Happiness is a well deserved siesta on a Sunday. I would like to reflect on the value of work and how it makes an impact to one's self and the society. For being a part-time instructor, I am surprised I have stayed for almost three years now. For people who easily get bored with routinary tasks, three years is already substantial. Teaching is different, the thrill lies in the fact that you never get to measure the teacher's influence until the students mature (or not).  As an  agricultural technician  for more than a year, I get the chance to work with real farmers and somehow grow real crops unlike in farmville where you can harvest what you planted after a few hours. Agriculture is not easy, but it literally and figuratively bears much fruit when one has learned how to adjust with nature and one has learned great lessons from past farm experiences. 

Slowly, slowly. For the past years, I am not surprised when a "long lost" friend suddenly finds a way to contact you and gives you a somehow prophetic message that you can grow rich. Yes! I'm referring to Networking. It all starts with the "get-in-touch" scheme, reviving dead ties and exhausting every available opportunity. Everybody needs a downline. They should make things clear and straightforward. It should sound like: "I'm trying to convince you because I badly need a downline!" Just last week I was talking to some of my friends and told them "There's nothing like good old hardwork." I do not have anything against networking or people becoming rich but they always fail to show during presentations that people who have climbed to the top of the ladder have worked hard. There are no clean shortcuts to becoming rich, I believe it's always rough, one can opt to do things the easy but evil way but it's never sustainable, psychologically or spiritually.

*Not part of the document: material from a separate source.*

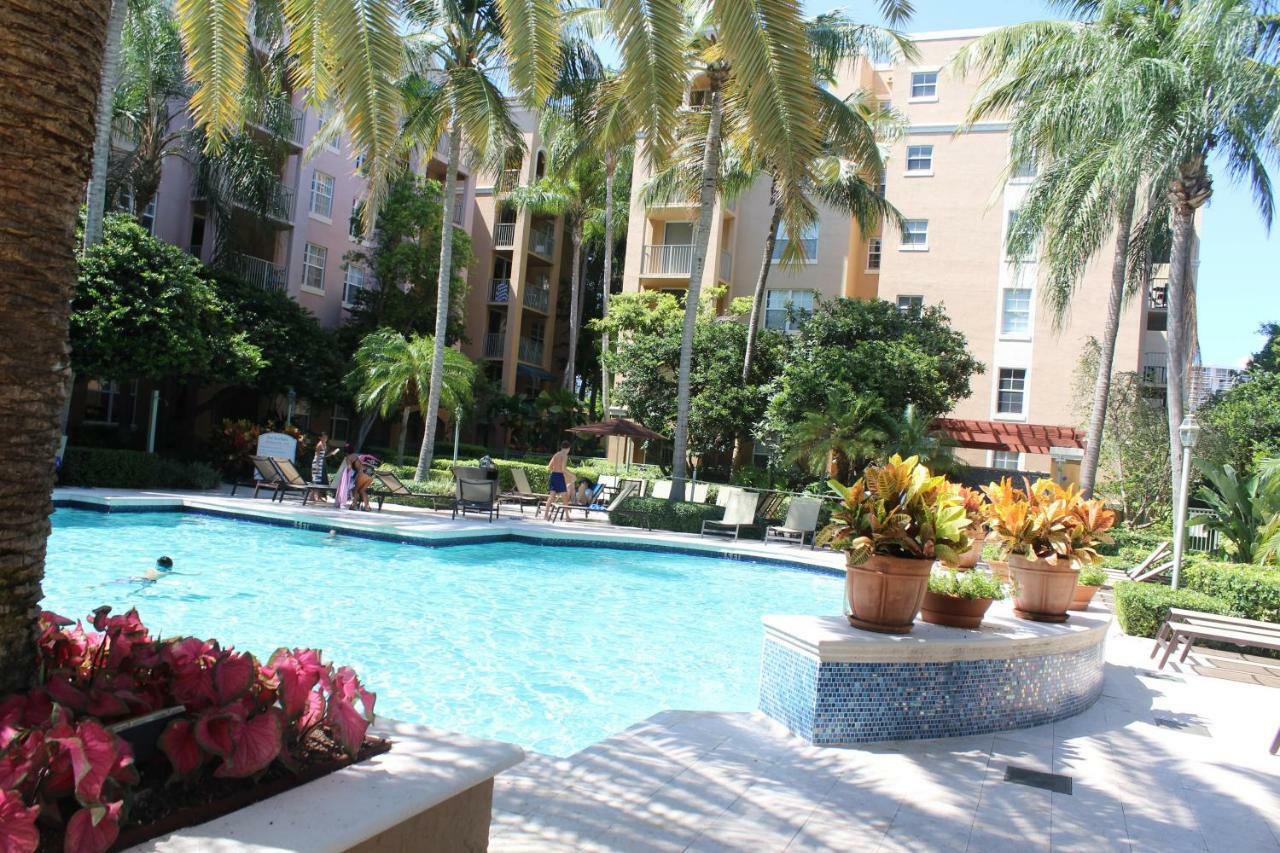 Yacht Club At Aventura 2 Bed 2 Bath Luxurius Cozy Brand New Διαμέρισμα Εξωτερικό φωτογραφία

Dormancy with sense. It is not that I have nothing to write that this blog has been inactive, a lot of great things are happening each day, it's always awe one can experience when we see the daily miracles of life. I have my share of daily problems but it does not make sense if I write about them. We're all equal when it comes to the weight we have to carry. I have to agree with what a saint said though not the exact wordings, "It's a great cross when one has no cross at all."


11 January 2012

Sensus Communis


Still late. I started the first day of work being late by twenty four minutes and they say, how you start your year will be how your year will be. The government’s bundy clock is quite efficient when it comes to tardiness. I started with twenty four, next day was sixteen minutes, then eight, the last day of the week I was three minutes close to being on time but still late. What is quite interesting is that it only takes about three minutes to go to the office from my place.  Yesterday was Monday, I did resolve the day before that I’ll be on the dot, but eleven minutes waited for me to be late. Today I woke up forty five minutes earlier than usual, but so much for hoping and trying, I arrived two minutes late. Quite close but still late. I hope I’ll arrive on time tomorrow.


Now on to other matters, before our Christmas vacation in the university, my students took their Midterm exam in advance. It’s supposed to be on the 18th to 20th of this month but we were ahead of time with our lectures. I checked the papers during the break and I am a bit disappointed with the results. I definitely made the exam easier than the previous ones but it did not show substantial difference compared to giving difficult exams. The exam was analytical, as expected from the nature of economics. Some of the questions were too logical but they did not get the right answer, multiple choice resulting to multiple errors.  It is perhaps because my students did not or they do not really study. I don’t get the idea that they were expecting to pass without even studying. How is that possible? One of my students was even skeptical with her score that we had to go over all the test questions to prove that she deserved what she got. She told me that she studied before the exam and that she does not deserve to fail. I just told her, "Then study harder. That's what you should do for the finals."  There is indeed a big difference between knowing and understanding. Mere knowledge would not suffice, it's simply not what you know but how you understand the concepts--this is what education is all about.


Voltaire was right when he said common sense is not so common. It's clearly becoming a "copy and paste" culture. Thinking is almost optional. We are surrounded with ready information we do not have time to digest them. The information we get from television and the internet may keep us updated but may be a reason for us to become lax. It's also a culture of "Like" and "Statuses" when we try to draw the attention of other people. Even a culture of  "unfriend" or remove from friend's list and "unlike" which is another term for correcting what has been liked earlier but soon realized that it should not have been liked in the first place. These may be simple actions in the virtual world, but they create a big gap as to how people should communicate. Some of my students do not talk at all but they are quite loud online. They don't talk when they're in the offline world but they are noisy online. So the question perhaps is, how often do you use your brain? If you use it everyday, then that's good. If you have not been using it for more than a week now, do something...think perhaps?